Across space and earlier in time, a man named Edward Bernays's parents had emigraged from Austria and traversed the Atlantic to settle in America. Bernays himself, though born in Vienna, was brought up in the American capitalistic environment. Bernays was Sigmud Freuds nephew. During the First World War, the war that stripped his uncle of the last vestiges of his faith in humanity, Bernays worked with the US government within the propaganda division of the US forces. It was at the Paris Peace Conference where Bernays first noticed the hysterical reaction of the crowds to President Wilsons visit. Wilson had been portrayed as an emissary of the individual in addition to that of freedom. The French viewed him as an almost messianic character after the regimented march of death that was the First World War. Bernays watched this adulation from afar, with the Presidents entourage and wondered, he wondered if the crowds in peacetime could be controlled as effectively as those that were controlled by Propagandistic manipulation during wartime. Bernays considered the word "Propaganda" to be tainted by it's use by the Germans, and so on returning to the United States, after some thought, he adopted the phrase "Public Relations" in its place. Bernays set up an office in New York and set to work. During this time, Bernays, still on friendly terms with his Uncle Siggy, sent him a box of Havana Cigars, Freud in response sent him a copies of some of his works. This gift was a revelation to Bernays, who then decided to use his Uncle's theories in furthering first his personal fortunes and secondly his thirst for power. Bernays himself would always maintain that he was at heart a democrat and that the use of his Uncle's theories were for the benefit of humanity at large....
Bernays, always the tireless self publicist began to write books promoting his ideas. He did this as many prominent political thinkers in America, had been terrified at the implications of the first world war. And as the popularity of Freud soared these political thinkers began to look at the masses much as he did.
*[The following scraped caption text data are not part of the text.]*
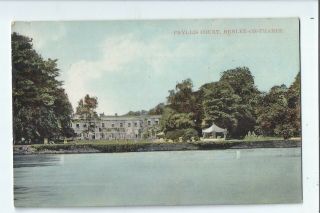 Phyllis Court - Henley On Thames Vintage Postcard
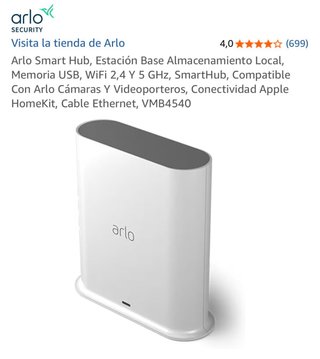 Arlo Smart Hub VMB4540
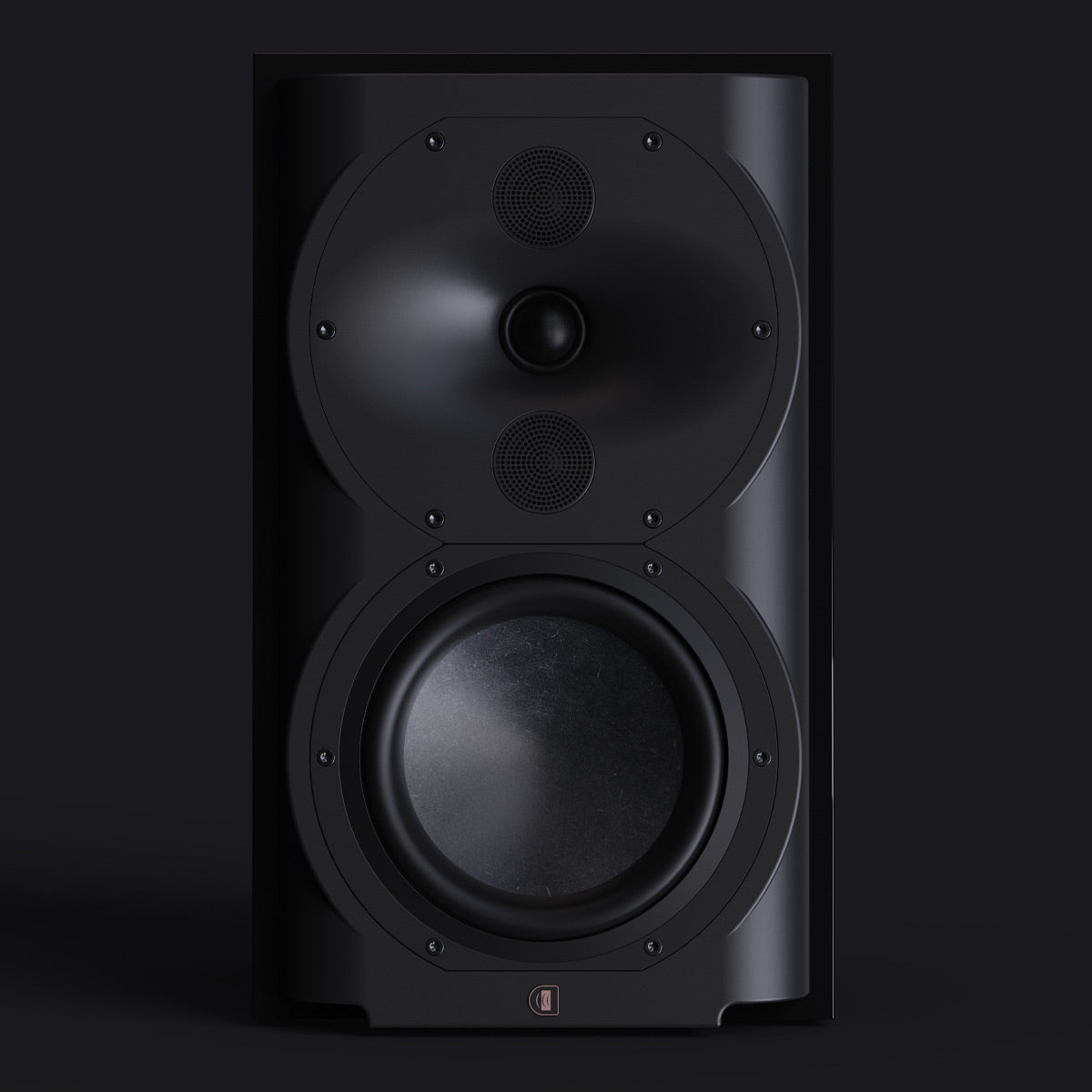 Perlisten Audio R4b Bookshelf Speaker - Each (Piano Black)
The masses were animalistic and the ruling elite needed a method to control them in order to prevent a second suicide attempt by humanity at large. Bernays wrote books like “Propaganda” in order to argue that he had developed the techniques that would prevent such a thing from ever happening again. His theory was to actively encourage the association of products that constantly changed and updated themselves with emotions like love and happiness, comfort and contentment so that the worker, would in effect become the consumer, and the newly created “consumer” would be so busy pursuing products that they thought would sate them and grant their emotional desires that they would, in effect, avoid their bestial nature in the illusionary chase of happiness through products. The populous would also be so distracted that they would let the elite, who knew what was best for them, get on with the business of ruling. His policies were adopted, at home and abroad. Bernays was a self described democrat who was in fact, entirely undemocratic. Joseph Goebbels rated Bernays’s “Propaganda” as one of the most important and influential books he had ever read.

Bernays does have a lot to answer for--unfortunately, I think he'd just really be proud of himself if he could see the United States today. Fathercrow also references Adam Curtis' excellent documentary Century of the Self, which is a fantastic film about, among other things, public relations and the American psyche.